English Title: Misunderstood
Wildside
Starring: Giulia Salerno, Charlotte Gainsbourg, Gabriel Garko
Directed by: Asia Argento
Cat Out of the Bag Alert! This review contains some spoilers for this film!
Synopsis: Aria (Giulia Salerno) is a nine year old girl living in Rome in the 1980’s when her juvenile, self-centered parents decide to divorce, shuffling Aria between them heartlessly as they pursue their own selfish interests.
Kitty Cameo: From the beginning of the film Aria expresses her desire to have a cat, but her mother flatly refuses. When Aria visits her father’s apartment where her oldest sister Lucrezia (Carolina Poccioni) is living, she finds her sister owns a pretty cream-colored cat named Le Bon (after singer Simon Le Bon).
Le Bon is only seen a couple of times in the film inside Lucrezia’s blindingly pink bedroom.
Featured Feline: Shortly after arriving to live with her father and Lucrezia, Aria is coming home when she spots a black cat running in the street.
She pulls the cat from beneath a parked car where he is hiding and hugs him, taking it home.

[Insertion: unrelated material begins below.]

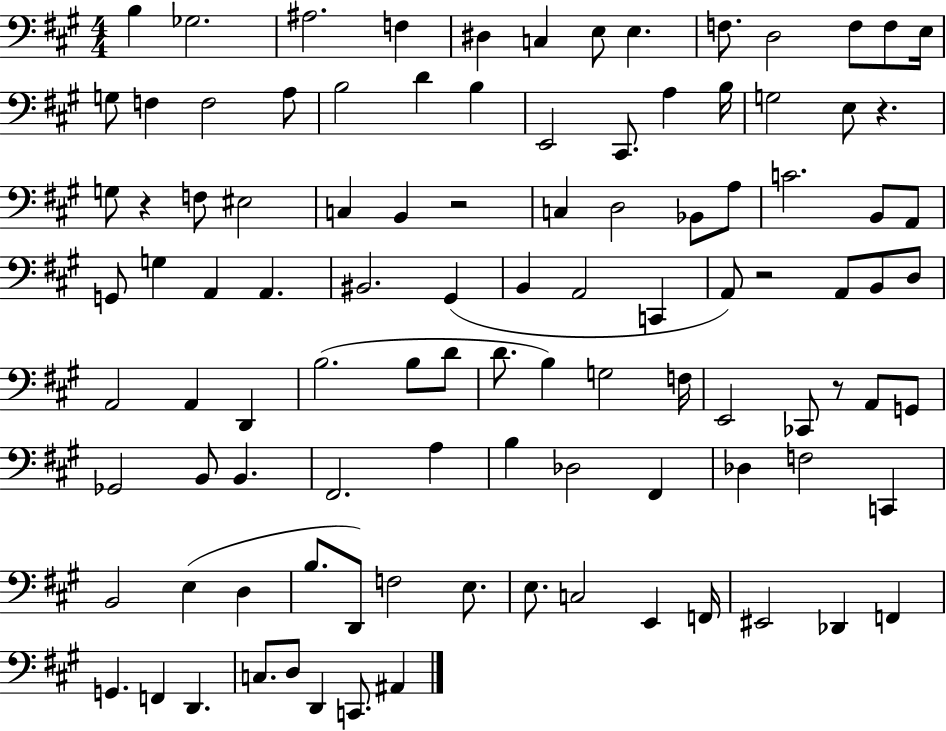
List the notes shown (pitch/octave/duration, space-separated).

B3/q Gb3/h. A#3/h. F3/q D#3/q C3/q E3/e E3/q. F3/e. D3/h F3/e F3/e E3/s G3/e F3/q F3/h A3/e B3/h D4/q B3/q E2/h C#2/e. A3/q B3/s G3/h E3/e R/q. G3/e R/q F3/e EIS3/h C3/q B2/q R/h C3/q D3/h Bb2/e A3/e C4/h. B2/e A2/e G2/e G3/q A2/q A2/q. BIS2/h. G#2/q B2/q A2/h C2/q A2/e R/h A2/e B2/e D3/e A2/h A2/q D2/q B3/h. B3/e D4/e D4/e. B3/q G3/h F3/s E2/h CES2/e R/e A2/e G2/e Gb2/h B2/e B2/q. F#2/h. A3/q B3/q Db3/h F#2/q Db3/q F3/h C2/q B2/h E3/q D3/q B3/e. D2/e F3/h E3/e. E3/e. C3/h E2/q F2/s EIS2/h Db2/q F2/q G2/q. F2/q D2/q. C3/e. D3/e D2/q C2/e. A#2/q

She calls the cat Dac, the name she’s picked out for her cat from the beginning. She shows Dac to her sister who says their father will never let her keep it.
When her father arrives, he panics at first. He is a superstitious actor and thinks the black cat will bring him bad luck.
Somehow despite both parents misgivings, Aria is able to keep Dac. But sadly she is continuously shuffled between her parents, and so most of the time Dac is seen in a cage being carried from one location to another by Aria.
Sometimes neither parent wants her and so she has to stay on the streets with Dac.
Dac is the only friend Aria has and she writes essays about him, even winning a competition at school with her work.
The cat actor playing Dac often looks very uncomfortable with the way Aria handles him, swishing his tail in anger.
Aria’s father continues to be nervous about Dac and has a fit when he catches the cat sitting on the script of the movie he has tried so hard to get.
At the end of the film there is a quick scene in which a woman is feeding Dac some meat and comments, “Now you will stop meowing.” Does she mean Dac won’t meow because he won’t be hungry? Or does it have a more sinister meaning?
It’s interesting to note that director Asia Argento is the daughter of famous horror director Dario Argento who also used black cats in some of his films.
Final Mewsings: Cats and children don’t deserve to live with such disfunctional humans.